Die Häufigkeit von Fehlgeburten ist aber noch viel höher, wenn man die Schwangeren berücksichtigt, bei denen der Embryo unbemerkt abgeht, bevor die Schwangerschaft überhaupt festgestellt wurde.

Fehlgeburten treten meist in einem ganz frühen Stadium der Schwangerschaft auf. Im Zeitraum bis zur 9. Schwangerschaftswoche ereignen sich 43 Prozent der Fehlgeburten, weitere 37 Prozent bis zur 13. Schwangerschaftswoche. Ab der 14. Schwangerschaftswoche treten Fehlgeburten dann glücklicherweise nur noch selten auf.

Häufig bleibt die Ursache für eine Fehlgeburt leider unklar. Man nimmt aber an, dass in der überwiegenden Anzahl der Fälle Fehlgeburten eine „Selbsthilfemaßnahme der Natur“ sind. Sie verhindern, dass ein schwerkrankes oder nicht lebensfähiges Kind heranreift.

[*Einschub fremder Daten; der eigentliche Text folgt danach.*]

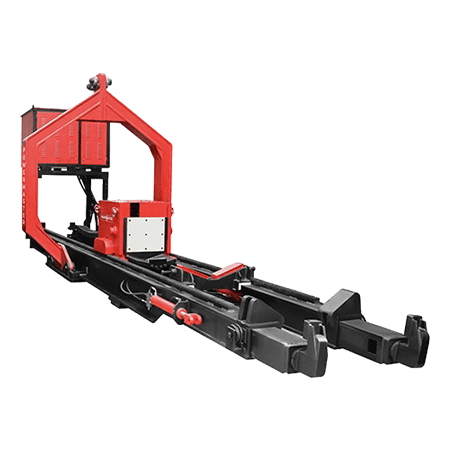 Tube Bundle Handling Equipment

Bereits vor der Schwangerschaft kann das Risiko einer Fehlgeburt deutlich verringert werden, indem man täglich Obst und Gemüse zu sich nimmt. Vitamine und Mineralstoffe(vor allem Eisen und Folsäure) einnimmt und täglich zwei bis drei Stückchen Schokolade isst. Dies sollten Sie auch in der Schwangerschaft tun. Das Risiko für eine Fehlgeburt ist um bis zu 72 Prozent erhöht, wenn Schwangere untergewichtig sind. Daher sollten Sie, wenn Sie einen Body Maß Index unter 18,5 haben, die Ernährung umstellen, um annähernd Normalgewicht zu erreichen. Sie sollten aber eines vermeiden, wenn Sie diese Information gelesen haben: Hören Sie nicht täglich ängstlich in sich hinein. Vermeiden Sie Stress und ernähren Sie sich ausgewogen.